**Exercise brief**
Copy out the data below. Keep every word as it is.

**Data provided**
- Opening Delimiter -

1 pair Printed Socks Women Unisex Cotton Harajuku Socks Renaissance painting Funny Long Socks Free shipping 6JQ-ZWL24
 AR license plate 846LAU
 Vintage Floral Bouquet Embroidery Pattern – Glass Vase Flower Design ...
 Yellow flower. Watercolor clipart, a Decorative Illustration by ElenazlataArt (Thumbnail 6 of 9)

- Closing Delimiter -

**Solution for this exercise**
1 pair Printed Socks Women Unisex Cotton Harajuku Socks Renaissance painting Funny Long Socks Free shipping 6JQ-ZWL24
 AR license plate 846LAU
 Vintage Floral Bouquet Embroidery Pattern – Glass Vase Flower Design ...
 Yellow flower. Watercolor clipart, a Decorative Illustration by ElenazlataArt (Thumbnail 6 of 9)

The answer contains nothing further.